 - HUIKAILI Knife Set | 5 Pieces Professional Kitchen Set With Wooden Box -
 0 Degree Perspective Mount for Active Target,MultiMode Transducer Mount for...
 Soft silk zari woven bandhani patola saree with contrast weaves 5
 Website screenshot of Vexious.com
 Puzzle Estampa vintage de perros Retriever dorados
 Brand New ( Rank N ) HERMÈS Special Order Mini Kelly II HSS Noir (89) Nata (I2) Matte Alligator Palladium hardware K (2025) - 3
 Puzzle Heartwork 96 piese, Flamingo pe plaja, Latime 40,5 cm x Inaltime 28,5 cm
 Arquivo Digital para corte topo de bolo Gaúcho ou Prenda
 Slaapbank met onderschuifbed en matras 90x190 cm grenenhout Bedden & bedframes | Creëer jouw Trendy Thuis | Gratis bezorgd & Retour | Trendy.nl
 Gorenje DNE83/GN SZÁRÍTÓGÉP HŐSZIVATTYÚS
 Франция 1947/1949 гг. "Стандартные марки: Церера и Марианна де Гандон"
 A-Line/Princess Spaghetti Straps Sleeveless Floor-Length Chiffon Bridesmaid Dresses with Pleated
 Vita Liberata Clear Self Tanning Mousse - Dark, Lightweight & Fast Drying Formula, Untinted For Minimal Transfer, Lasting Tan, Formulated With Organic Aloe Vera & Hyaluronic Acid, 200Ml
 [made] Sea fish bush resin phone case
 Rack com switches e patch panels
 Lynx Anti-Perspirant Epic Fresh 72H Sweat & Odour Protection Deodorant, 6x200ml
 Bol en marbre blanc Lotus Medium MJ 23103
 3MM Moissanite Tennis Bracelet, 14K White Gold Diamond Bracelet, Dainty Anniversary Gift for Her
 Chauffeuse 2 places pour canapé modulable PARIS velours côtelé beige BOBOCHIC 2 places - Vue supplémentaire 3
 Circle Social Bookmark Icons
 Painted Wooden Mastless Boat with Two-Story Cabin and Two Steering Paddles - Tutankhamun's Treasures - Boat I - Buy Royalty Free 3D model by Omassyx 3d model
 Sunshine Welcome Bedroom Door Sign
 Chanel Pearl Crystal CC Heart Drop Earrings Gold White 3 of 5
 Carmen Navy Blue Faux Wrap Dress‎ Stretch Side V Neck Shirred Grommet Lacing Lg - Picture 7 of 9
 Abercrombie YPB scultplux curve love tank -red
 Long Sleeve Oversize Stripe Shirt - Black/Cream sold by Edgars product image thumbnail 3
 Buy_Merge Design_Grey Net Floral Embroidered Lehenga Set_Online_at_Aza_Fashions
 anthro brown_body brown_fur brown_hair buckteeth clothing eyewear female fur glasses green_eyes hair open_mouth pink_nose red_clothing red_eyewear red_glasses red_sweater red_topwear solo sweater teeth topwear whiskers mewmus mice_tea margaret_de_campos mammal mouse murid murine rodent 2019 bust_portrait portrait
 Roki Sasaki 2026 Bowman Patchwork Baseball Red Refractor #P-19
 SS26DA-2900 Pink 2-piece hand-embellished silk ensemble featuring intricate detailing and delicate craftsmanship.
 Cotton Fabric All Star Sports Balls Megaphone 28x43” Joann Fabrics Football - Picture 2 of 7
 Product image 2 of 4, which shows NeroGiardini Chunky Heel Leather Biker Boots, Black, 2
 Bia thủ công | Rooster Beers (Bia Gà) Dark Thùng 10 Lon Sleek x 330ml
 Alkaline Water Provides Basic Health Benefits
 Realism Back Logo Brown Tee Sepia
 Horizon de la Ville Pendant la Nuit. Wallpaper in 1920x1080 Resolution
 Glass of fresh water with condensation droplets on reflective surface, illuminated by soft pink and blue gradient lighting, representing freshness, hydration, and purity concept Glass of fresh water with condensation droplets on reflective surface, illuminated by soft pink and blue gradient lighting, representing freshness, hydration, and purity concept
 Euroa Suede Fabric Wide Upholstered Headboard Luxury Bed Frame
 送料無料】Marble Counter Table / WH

--------

§ WHAT THE TASK REQUIRES:
Return exactly the lines above from the line that has "Arquivo Digital para" through the line that has "Rack com switches e patch panels", inclusive, and nothing else.

§ WRITTEN ANSWER:
 Arquivo Digital para corte topo de bolo Gaúcho ou Prenda
 Slaapbank met onderschuifbed en matras 90x190 cm grenenhout Bedden & bedframes | Creëer jouw Trendy Thuis | Gratis bezorgd & Retour | Trendy.nl
 Gorenje DNE83/GN SZÁRÍTÓGÉP HŐSZIVATTYÚS
 Франция 1947/1949 гг. "Стандартные марки: Церера и Марианна де Гандон"
 A-Line/Princess Spaghetti Straps Sleeveless Floor-Length Chiffon Bridesmaid Dresses with Pleated
 Vita Liberata Clear Self Tanning Mousse - Dark, Lightweight & Fast Drying Formula, Untinted For Minimal Transfer, Lasting Tan, Formulated With Organic Aloe Vera & Hyaluronic Acid, 200Ml
 [made] Sea fish bush resin phone case
 Rack com switches e patch panels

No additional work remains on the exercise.